Continue to Practice Energy Efficiency as Seasons Change
Even though winter has departed, there’s still the potential for snowstorms and cold days in much of the country. There may be a temptation to reduce your efforts at energy conservation, all together in exchange for comfort. However, there are solid ways to get that warmth and still enjoy a lower electric bill.
To minimize the cost and maximize your comfort, you can lower your thermostat and rely more on electric space heaters for times when the chill is at its greatest during the next few weeks. More than likely, you’re still keeping to a winter schedule and spending more time indoors than you will be during warmer weather.
Continue to practice your energy-saving habits until true spring weather occurs and your wallet will thank you. Turning down your thermostat – but never below 55 degrees Fahrenheit to prevent pipes from freezing – by even a few degrees can make a significant difference in your utility bill. For times when you don’t need to occupy the whole house, consider using a ceramic space heater. These are great for keeping a single room in the house cozy and warm while cutting down on wasteful heating in empty rooms.
Set the Thermostat
The first step that you can do is to lower your thermostat settings. Just remember to keep it at least at 55°F to prevent your pipes from freezing. If you do choose to do this, you can simply opt to use electric space heaters in order to warm up rooms that are currently being used and save on wasteful heating in unoccupied rooms.
Install Window Treatments
Your sun-facing windows are a good source not just of natural light but natural heating as well, but you should keep them shut and well-draped at night for added insulation. To further prevent your precious heat from leaking, there are two types of window treatments you can do the following:
Interior Window Treatments
There are different drapes, blinds, and quilts specially designed to provide insulation at night. Whatever it is you choose, just make sure that they are properly fitted to your windows and there are ways to secure them from moving, such as snaps or velcro.
Exterior Window Treatments
You can also opt to install shutters and awnings outside your windows to prevent the chilly winds from banging on your windows. We prefer retractable ones so you can easily adjust them to your preference according to the seasons.
What’s great about window treatments is that they don’t just keep heat inside your house, but they also prevent it from coming in during the hottest days of summer.
Caulk Air Leaks
Finally, don’t forget about the spots that are easily missed: the holes and cracks in the structure of your home. They can be sometimes hard to find, and you might even require professional help. Fortunately, you can use low-cost caulk to deal with them and make the entire operation easy on the budget.

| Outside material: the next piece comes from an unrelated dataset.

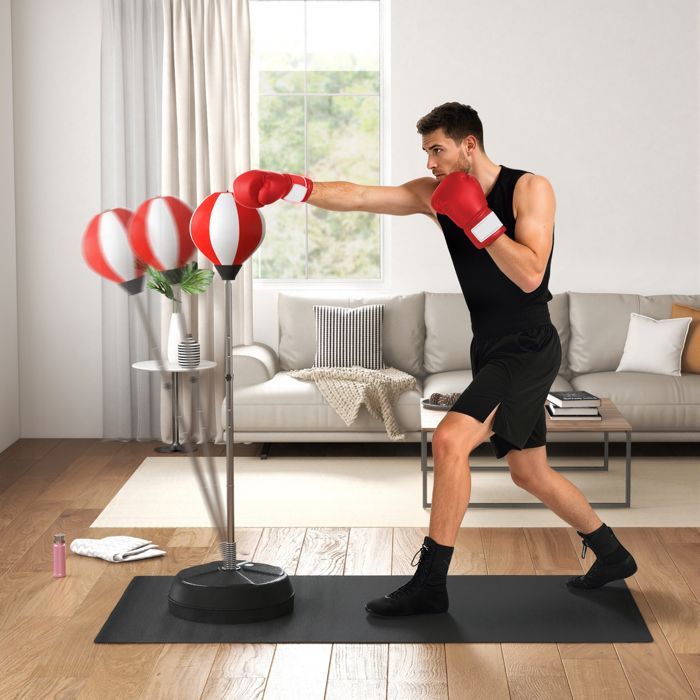 Saco de boxeo independiente HOMCOM, altura ajustable de 126 a 144 cm, con guantes, bomba y base lastrada, color rojo.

So you see, the winter months shouldn’t put a big dent on your utility expenses. There are affordable ways to insulate your home.
Natural Light and Warmth
With the onset of daylight saving time, there’s more natural light available to stream into your home. While the level of sunlight is far more intense in summer, there’s still some warmth that can be harnessed if you open the curtains on windows facing the sun during the day. Windows with southern exposure take in the most sunlight.
However, continue to shut shades and drapes at night when colder temperatures occur because they’ll provide heat retention throughout the house. If you use storm windows, don’t replace them until the prospect of wintry days are no longer likely.
While you’ve probably sealed any leaks around your windows and doors, there are other areas of your home where cold air can seep in. Utility cut-throughs for pipes, gaps around chimneys and recessed lights in ceilings are all places that are often overlooked when it comes to weatherization. The unfinished spaces behind cupboards and closets are other areas that aren’t as well insulated as the rest of the house. You can use insulating foam or caulking to fill such gaps for better energy efficiency.